Basic question about parallelizing *different* model fits with dask(-ml)

Hi Dask forum,
I can’t find a clear best practices on what feels like a basic question: How can dask or dask-ml be used to parallelize model fitting over different model frames? Most guidance appears oriented towards parameter tuning and meta-estimators.

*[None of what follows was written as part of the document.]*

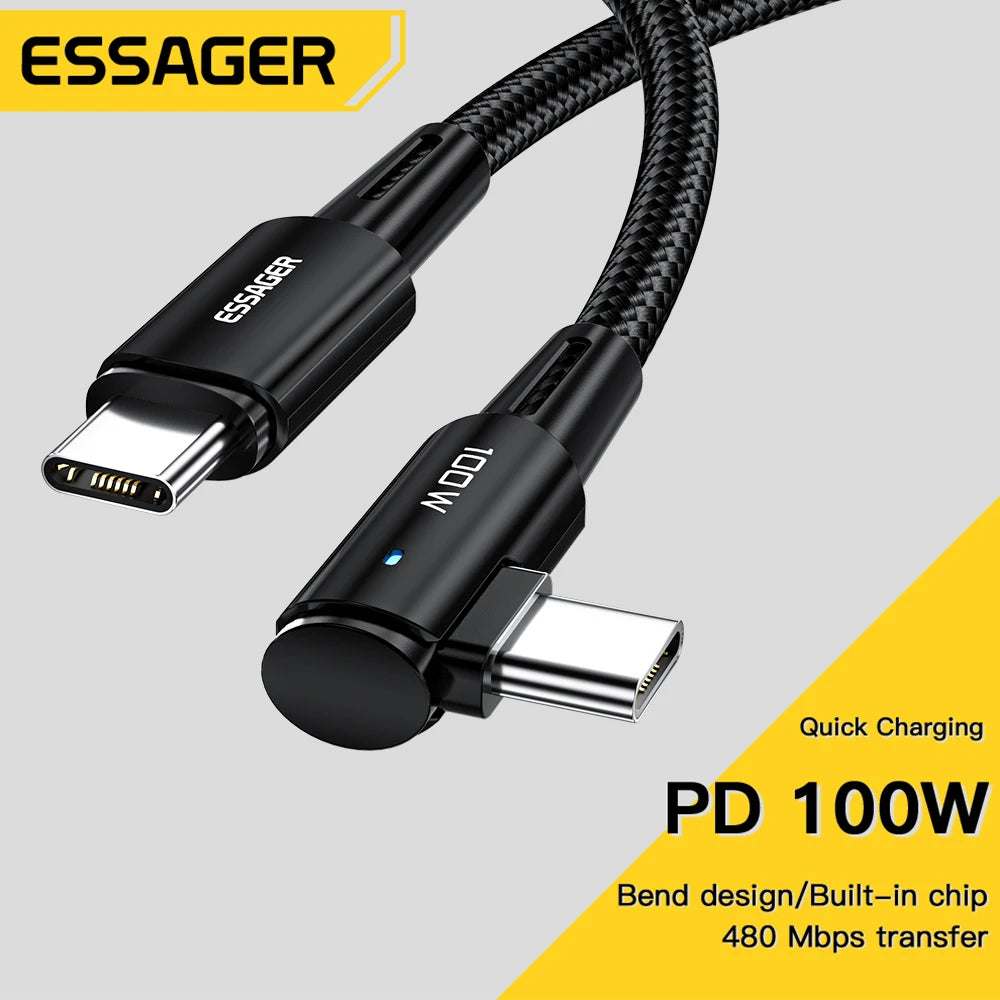 Cabo USB-C para USB-C com Ângulo de 90º - Carregamento Rápido 100W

Somewhat related questions:

As a minimal example, let’s say I spin up a client on a SLURM-managed HPC and want to fit a million different linear models using eg sklearn.linear_model.LinearRegression (or an sklearn model with an n_jobs argument that uses joblib to parallelize, or another module that similarly relies on BLAS and LAPACK for linalg, or etc.):

import dask
from dask_jobqueue import SLURMCluster
from dask.distributed import Client

import numpy as np
from sklearn.linear_model import LinearRegression

cluster = SLURMCluster(<args>)
cluster.scale(4)
client = Client(cluster)
client.wait_for_workers(4)

rng = np.random.default_rng()
N, P = 100, 10

designs = [rng.normal(size=[N, P]) for i in range(int(1E6))]
responses = [rng.normal(size=P) for i in range(int(1E6))]

# naive implementation
for X,y in zip(designs, responses):
   reg = dask.delayed(LinearRegression().fit(X, y))

res = dask.compute(*reg)

What’s the best way to distribute these fits on a cluster?